How to Survive Your Freshman Year (Part 1)
We’re pleased to have with us Yadin Kaufmann, co-editor of the best-selling college life guide How to Survive Your Freshman Year. In part onne of this interview we’ll talk about the contributors to this best-selling college life guide, now in its thirrd edition, and get a glimpse into what readers can expect to find out about college life.
Q: Thank you for joining us today. Can you tell us a bit about yourself and your co-editor, Mark Bernstein?
A: I’ve been in the venture capital business for the past twenty years—investing in, and helping to build, high-tech startups. I’m a lawyer by training. But I’ve also enjoyed writing for as long as I can remember. I think I sold some poems I wrote when I was about eight. In college, my then-girlfriend (now wife) and I spent a summer in France and came back and wrote a book about it. Then in grad school, the two of us (we’re big ice cream addicts) wrote a book called The Boston Ice Cream Lover’s Guide—which was as much fun to research as it was to write. Addison-Wesley published that one.
My co-publisher, Mark Bernstein, is also an ex-lawyer who went into the business and media worlds. He was part of the team that started CNN.com and ended up running that business for Turner. He then ran another high-flying start-up on the West Coast, and was happily “retired” when I pulled him away to run this venture.
Q: Can you please tell us about your book and why you wrote it?
A: A few years ago, I was thinking about how best to help my oldest son, Dov, prepare for college. My own college experience (at Princeton) was a bit stale … and Dov wasn’t likely to listen to his father anyhow! Sure, I could introduce Dov to my circle of friends and acquaintances—but that’s a narrow group too.
It occurred to me that it would be great to find a way to give Dov—and everyone else who’s about to start college—input about what college life is really like, from thousands of kids who are in college today, and have something interesting to say about it.
So, Mark and I put together a team of journalists whom we call “headhunters.” These headhunters went out and interviewed many hundreds of students at over 120 colleges all across the country—big schools, small schools, Ivies, and state universities; Greeks, geeks, and jocks. They spoke with students at the college newspapers, kids hanging out in the library or in the rec center, kids on their way to class or lounging around in the dorm. One headhunter in Pennsylvania offered free pizza for students willing to share their advice. The interviewers asked the students questions about every aspect of college life— about what they would advise incoming freshmen, and why. We also collected tips at our web site, hundredsofheads.com.
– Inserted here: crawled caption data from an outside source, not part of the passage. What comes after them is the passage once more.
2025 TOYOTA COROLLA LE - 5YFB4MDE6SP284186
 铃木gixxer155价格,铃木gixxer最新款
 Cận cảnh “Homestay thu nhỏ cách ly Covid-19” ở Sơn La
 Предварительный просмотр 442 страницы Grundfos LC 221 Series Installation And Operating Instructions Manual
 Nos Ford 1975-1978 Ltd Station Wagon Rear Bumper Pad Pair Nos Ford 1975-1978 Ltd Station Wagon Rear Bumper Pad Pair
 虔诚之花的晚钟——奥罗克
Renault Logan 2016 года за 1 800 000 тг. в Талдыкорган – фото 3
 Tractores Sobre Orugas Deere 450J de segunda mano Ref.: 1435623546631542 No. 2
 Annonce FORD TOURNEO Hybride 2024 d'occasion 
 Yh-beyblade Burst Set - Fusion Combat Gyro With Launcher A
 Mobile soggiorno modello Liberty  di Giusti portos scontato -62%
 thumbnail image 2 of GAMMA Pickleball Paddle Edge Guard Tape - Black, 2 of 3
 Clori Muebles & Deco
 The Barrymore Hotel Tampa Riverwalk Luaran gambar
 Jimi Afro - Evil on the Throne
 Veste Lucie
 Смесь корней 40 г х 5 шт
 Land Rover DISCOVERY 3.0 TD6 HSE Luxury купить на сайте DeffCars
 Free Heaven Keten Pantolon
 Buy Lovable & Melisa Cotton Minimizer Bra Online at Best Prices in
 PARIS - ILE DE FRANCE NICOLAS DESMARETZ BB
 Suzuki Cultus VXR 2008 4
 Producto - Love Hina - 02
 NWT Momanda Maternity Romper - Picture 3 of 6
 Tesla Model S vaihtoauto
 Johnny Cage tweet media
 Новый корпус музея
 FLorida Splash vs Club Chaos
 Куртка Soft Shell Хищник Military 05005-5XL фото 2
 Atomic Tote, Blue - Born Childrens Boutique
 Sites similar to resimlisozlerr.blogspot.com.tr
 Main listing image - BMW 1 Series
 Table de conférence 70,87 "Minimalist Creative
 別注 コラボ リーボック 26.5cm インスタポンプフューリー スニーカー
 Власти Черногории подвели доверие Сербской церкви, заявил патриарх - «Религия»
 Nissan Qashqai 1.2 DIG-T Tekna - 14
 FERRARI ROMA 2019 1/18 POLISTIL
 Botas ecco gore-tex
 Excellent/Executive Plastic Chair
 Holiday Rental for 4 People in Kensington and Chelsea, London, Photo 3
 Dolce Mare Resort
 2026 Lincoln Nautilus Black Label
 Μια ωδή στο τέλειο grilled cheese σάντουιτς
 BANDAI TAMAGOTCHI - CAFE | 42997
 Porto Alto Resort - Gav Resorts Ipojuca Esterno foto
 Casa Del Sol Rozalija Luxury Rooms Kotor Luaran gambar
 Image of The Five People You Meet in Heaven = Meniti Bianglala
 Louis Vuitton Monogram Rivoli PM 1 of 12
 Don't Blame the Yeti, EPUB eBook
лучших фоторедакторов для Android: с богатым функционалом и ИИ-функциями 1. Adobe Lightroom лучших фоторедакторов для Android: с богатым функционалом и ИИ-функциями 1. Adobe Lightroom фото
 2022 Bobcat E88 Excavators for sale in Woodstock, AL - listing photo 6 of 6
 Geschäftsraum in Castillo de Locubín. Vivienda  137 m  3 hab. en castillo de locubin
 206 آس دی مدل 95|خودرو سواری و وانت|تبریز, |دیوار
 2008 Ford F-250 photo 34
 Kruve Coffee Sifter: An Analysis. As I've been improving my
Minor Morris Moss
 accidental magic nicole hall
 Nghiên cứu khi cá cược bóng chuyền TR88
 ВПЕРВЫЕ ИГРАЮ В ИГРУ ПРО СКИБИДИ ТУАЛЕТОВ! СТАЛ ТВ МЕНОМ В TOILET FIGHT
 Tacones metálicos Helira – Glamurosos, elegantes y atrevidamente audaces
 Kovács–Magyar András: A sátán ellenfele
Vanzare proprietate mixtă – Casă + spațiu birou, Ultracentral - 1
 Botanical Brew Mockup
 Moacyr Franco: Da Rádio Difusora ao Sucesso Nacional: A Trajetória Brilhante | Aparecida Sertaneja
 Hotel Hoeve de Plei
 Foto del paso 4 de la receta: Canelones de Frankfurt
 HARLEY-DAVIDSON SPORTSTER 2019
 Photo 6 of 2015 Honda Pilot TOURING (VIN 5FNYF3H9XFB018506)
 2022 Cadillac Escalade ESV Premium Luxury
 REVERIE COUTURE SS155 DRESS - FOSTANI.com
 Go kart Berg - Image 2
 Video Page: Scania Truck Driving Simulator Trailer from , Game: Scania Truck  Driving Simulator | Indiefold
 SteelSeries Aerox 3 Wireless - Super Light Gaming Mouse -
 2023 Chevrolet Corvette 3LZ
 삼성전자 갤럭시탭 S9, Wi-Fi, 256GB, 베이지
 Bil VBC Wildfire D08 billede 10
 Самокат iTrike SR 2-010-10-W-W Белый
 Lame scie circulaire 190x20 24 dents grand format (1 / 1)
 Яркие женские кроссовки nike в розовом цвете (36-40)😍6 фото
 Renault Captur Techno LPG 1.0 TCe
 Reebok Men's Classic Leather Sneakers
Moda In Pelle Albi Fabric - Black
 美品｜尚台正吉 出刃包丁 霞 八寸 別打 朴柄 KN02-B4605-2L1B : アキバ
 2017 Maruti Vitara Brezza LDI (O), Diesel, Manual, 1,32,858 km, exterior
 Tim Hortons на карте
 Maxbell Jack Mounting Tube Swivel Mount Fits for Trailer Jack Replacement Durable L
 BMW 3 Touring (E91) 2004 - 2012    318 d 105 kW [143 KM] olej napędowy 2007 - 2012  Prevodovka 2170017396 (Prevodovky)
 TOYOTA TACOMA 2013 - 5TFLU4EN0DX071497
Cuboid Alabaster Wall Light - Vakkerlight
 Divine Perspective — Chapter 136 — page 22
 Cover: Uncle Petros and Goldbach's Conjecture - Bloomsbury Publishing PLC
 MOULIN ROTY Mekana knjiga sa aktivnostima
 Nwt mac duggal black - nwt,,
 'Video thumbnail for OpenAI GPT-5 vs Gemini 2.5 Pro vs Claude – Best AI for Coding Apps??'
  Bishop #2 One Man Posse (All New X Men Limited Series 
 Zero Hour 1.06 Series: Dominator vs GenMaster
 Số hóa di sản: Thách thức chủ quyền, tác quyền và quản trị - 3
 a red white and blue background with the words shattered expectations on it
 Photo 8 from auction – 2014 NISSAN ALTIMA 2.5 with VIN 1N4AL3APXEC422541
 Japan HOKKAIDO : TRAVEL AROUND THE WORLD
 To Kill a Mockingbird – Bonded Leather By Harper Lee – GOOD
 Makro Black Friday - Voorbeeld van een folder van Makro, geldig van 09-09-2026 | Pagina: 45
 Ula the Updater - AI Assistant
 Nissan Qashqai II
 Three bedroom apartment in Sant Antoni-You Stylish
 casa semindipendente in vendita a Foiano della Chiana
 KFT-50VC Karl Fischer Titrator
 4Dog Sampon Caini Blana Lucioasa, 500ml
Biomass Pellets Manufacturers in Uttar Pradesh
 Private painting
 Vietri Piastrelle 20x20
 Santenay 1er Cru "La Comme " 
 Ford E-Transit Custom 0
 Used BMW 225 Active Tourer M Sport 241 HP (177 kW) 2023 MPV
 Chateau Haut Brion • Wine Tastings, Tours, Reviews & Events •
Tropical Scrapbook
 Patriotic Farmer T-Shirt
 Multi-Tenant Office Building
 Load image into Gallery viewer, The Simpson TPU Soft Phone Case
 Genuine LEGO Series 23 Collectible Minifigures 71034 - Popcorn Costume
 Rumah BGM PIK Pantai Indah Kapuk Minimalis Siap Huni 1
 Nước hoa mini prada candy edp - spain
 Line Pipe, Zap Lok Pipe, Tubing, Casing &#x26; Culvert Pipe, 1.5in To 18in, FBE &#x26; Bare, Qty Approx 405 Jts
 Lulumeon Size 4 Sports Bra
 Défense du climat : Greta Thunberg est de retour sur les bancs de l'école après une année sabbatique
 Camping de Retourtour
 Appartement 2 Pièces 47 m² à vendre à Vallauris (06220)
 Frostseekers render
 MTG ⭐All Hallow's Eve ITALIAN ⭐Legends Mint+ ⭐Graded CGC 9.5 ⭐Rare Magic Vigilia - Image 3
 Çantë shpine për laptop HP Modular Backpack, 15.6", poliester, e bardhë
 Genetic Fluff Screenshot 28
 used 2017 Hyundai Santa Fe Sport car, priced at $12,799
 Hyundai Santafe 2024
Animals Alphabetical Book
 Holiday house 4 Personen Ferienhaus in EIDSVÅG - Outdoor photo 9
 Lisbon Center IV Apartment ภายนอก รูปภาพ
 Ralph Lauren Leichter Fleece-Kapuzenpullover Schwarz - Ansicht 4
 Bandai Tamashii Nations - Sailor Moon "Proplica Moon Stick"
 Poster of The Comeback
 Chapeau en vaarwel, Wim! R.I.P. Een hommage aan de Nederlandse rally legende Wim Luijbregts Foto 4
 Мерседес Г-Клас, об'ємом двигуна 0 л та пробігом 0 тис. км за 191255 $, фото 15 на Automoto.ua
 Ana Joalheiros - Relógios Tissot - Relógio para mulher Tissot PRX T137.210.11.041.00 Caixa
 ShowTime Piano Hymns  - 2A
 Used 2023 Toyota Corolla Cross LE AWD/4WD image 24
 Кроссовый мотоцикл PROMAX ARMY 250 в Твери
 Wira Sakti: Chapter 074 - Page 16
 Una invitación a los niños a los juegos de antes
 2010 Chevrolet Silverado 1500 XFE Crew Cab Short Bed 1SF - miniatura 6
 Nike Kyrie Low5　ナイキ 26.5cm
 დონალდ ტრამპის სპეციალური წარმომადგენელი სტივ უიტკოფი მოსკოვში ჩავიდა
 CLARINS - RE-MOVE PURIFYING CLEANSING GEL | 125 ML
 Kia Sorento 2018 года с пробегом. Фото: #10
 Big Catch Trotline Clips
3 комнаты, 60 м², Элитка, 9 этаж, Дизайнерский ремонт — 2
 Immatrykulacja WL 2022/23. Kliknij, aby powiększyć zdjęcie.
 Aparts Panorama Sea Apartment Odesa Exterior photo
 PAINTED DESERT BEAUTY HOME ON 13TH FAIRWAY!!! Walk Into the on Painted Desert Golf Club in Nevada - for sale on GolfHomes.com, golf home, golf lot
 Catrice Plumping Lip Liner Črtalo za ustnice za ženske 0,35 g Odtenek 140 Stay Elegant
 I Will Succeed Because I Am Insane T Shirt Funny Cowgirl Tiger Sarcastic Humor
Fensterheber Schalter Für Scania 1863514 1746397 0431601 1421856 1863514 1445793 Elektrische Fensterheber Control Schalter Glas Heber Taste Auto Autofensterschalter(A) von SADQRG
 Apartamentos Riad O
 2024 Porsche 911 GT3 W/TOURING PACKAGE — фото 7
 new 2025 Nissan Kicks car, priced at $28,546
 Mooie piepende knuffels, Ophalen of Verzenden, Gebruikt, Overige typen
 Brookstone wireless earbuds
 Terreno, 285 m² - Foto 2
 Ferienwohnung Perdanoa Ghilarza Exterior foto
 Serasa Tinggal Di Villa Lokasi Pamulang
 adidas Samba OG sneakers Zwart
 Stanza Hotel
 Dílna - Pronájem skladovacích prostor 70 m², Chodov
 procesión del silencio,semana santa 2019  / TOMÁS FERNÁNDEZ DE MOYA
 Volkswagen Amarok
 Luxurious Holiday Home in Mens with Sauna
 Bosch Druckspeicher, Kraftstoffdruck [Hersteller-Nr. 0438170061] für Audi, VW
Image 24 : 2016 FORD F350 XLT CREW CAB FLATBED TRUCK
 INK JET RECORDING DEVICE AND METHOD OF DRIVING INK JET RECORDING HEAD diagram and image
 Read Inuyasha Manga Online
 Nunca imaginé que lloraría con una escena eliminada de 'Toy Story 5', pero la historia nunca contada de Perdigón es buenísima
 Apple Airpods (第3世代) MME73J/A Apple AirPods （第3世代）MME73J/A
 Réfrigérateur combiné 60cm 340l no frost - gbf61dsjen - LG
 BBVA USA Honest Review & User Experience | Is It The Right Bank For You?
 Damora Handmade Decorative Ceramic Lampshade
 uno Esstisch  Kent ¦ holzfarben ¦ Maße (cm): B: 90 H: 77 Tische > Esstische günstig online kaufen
We then compiled the best material that we felt gives our readers direct, informative and humorous advice they might not get, even from their best friends.
We also recruited a terrific special editor for the book: academic advisor and instructor Frances Northcutt, adds expert advice, guidance and insightful commentary. Fran is an academic advisor in the Macaulay Honors College of the City University of New York at Hunter College. She has advised students at Wesleyan University, the University of California, Berkeley; and the University of the Sciences in Philadelphia, where she also taught classes on college skills and professional development. Frances is active in the National Academic Advising Association, and was selected as the Outstanding Advisor (Primary Role) for the Mid-Atlantic region in 2006.
The resulting book, How to Survive Your Freshman Year, has become the sort of “bible” of college life for entering freshmen, and we just published its third edition. The book offers hundreds of the best practical tips and fun stories to help entering freshmen better navigate their way through this challenging period.
How to Survive Your Freshman Year gives students great advice on:
- Getting off to a great start in college
- What to take
- Where to live
- How to get a good roommate
- Dorm life
- Choosing classes
- When and where to study
- Exams secrets
- Filling free time
- The dating and party scene
- Finances, and
- Choosing a major
The book reflects today’s new freshman lifestyle and experiences, with new chapters covering:
- Social networking and Facebook
- Wireless and digital devices
- Student expectations vs. reality
- Changing the world and environmentalism
- Food, fashion, the party scene and much more
A new appendix provides useful checklists for incoming freshmen.
Q: How did you end up collaborating on How to Survive Your Freshman Year?
A: I’ve known Mark for many years—in fact, he and my wife, Lori, were in a summer camp together when they were about fifteen. As I mentioned, Mark had recently left a gig running an Internet company, and came to visit us—I told him my idea for Hundreds of Heads and he got excited about the idea of building this business together.
We quickly realized that the idea was much broader than a book about Freshman Year, rather, the idea of learning and benefiting from the experience and advice of hundreds of people is something that can be of great value when you’re going through any of life’s transition points or challenges.
This college life guide brings readers through every aspect of college life: from what to take to college to where to live and from creating study habits to how to spend your free time. How did you pack so much great advice into 240 pages?
Actually, the new third edition has bulked up to 320 pages! It has lots of new advice from students, plus terrific expert content from our new Special Editor, Fran Northcutt. One of the things college kids like so much about the book is that it doesn’t “lecture” to them—each page contains three or four short snippets of hard-won wisdom about a particular aspect of freshman year life.